From 1983, Pravrajika Ajayaprana visited Newcastle, a two hour drive north of Sydney. A close group of devotees including the Kaushik, Dave, Darbar and Bhandari families hosted, by turns, a Saturday class four times a year on the Vivekachudamani (Crest Jewel of Discrimination) given by Pravrajika Ajayaprana. On many occasions she also gave a talk the following day at the Hindu Temple in Newcastle.
The news that a Sarada Math Centre had been established in Australia reverberated throughout the Ramakrishna Movement World. In Malaysia it was greeted with particular interest. Soon earnest invitations came for Pravrajika Ajayaprana to visit Malaysia for a lecture tour. Since 1985 she visited Malaysia at first, almost every year, and more recently, every second year. These visits were organized by Toh Puan[i] Uma Sambanthan, and Mr.R Jayasekar. Both have worked tirelessly for the Ramakrishna Movement in Malaysia for many years. Pravrajika Ajayaprana also visited Sri Lanka twice, giving talks and visiting areas affected by the 2004 Tsunami.
[i] A title bestowed on only a few women in Malaysia. Her late husband was the President of the Malaysian Indian Congress. He was a federal minister with the first Government of Independent Malaysia for many years and was very devoted to the Ramakrishna Movement.

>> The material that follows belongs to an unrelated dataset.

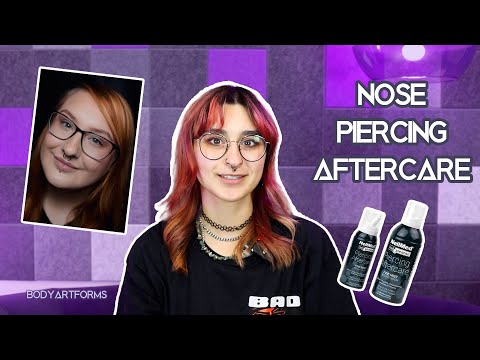 Nose Piercing Aftercare Guide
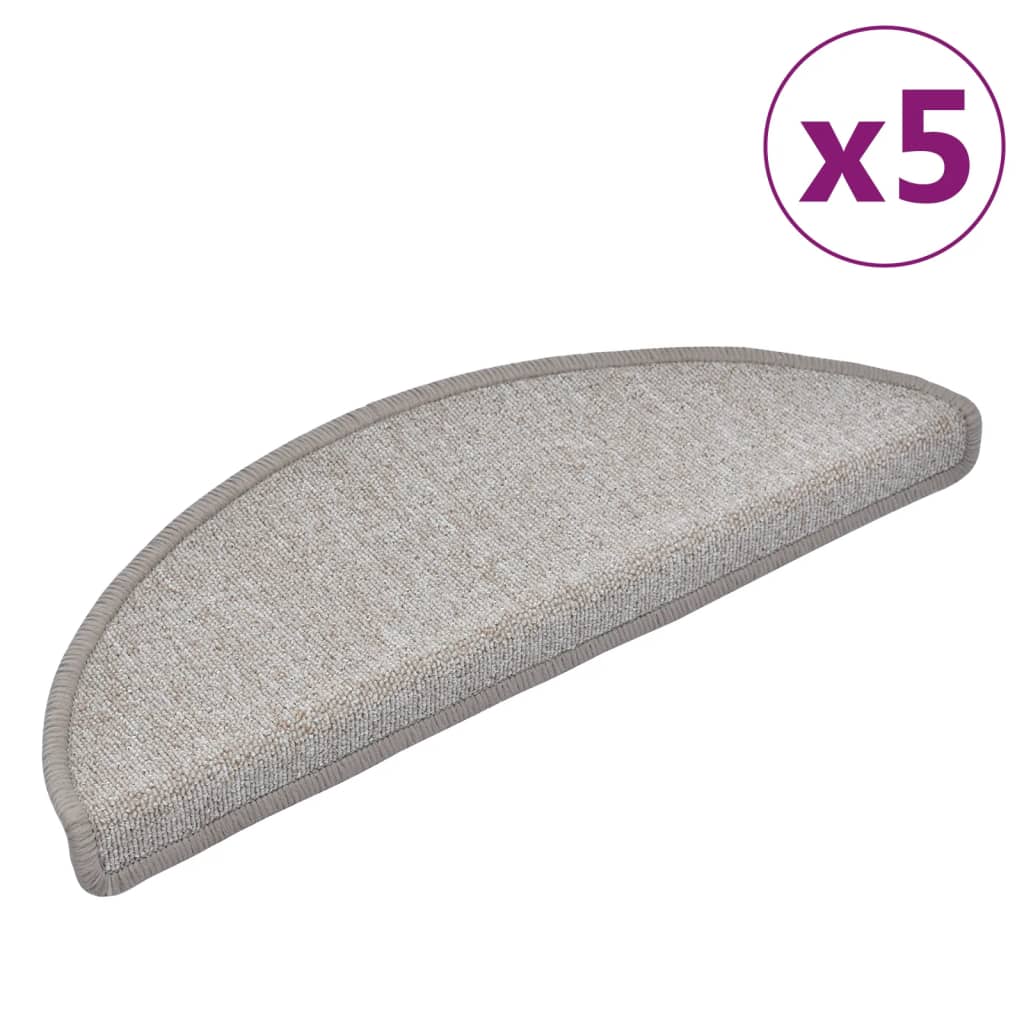 Trapmatten 5 St 65X28 Cm Taupe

A Major Transition – Rev.Pravrajika Ajayaprana Mataji Returns to India
After twenty-nine and a half years it was with great sadness that the Society faced a painful and inevitable transition following Rev.Pravrajika Ajayaprana Mataji’s decision to spend her remaining years in India. On September 22, 2011, she departed Sydney with the satisfaction that the Sarada Math Centre here is well established. She now lives in the Sarada Math Centre in Thiruvananthapuram started by her in 1973.

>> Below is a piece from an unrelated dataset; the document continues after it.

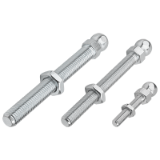 K0421 - Swivel feet threaded spindles steel or stainless steel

Swami Vivekananda’s 150th Birth Anniversary Celebrations
The grandest, most public event staged jointly by the Ramakrishna Sarada Vedanta Society of NSW and the Vedanta Centre of Sydney run by the monks, was the staging of the play: Oneness: Voice Without Form at Sydney Opera House on 17 and 18 September, 2013 - a play celebrating the life and teachings of Swami Vivekananda, a part of the worldwide celebrations of his 150th Birth Anniversary.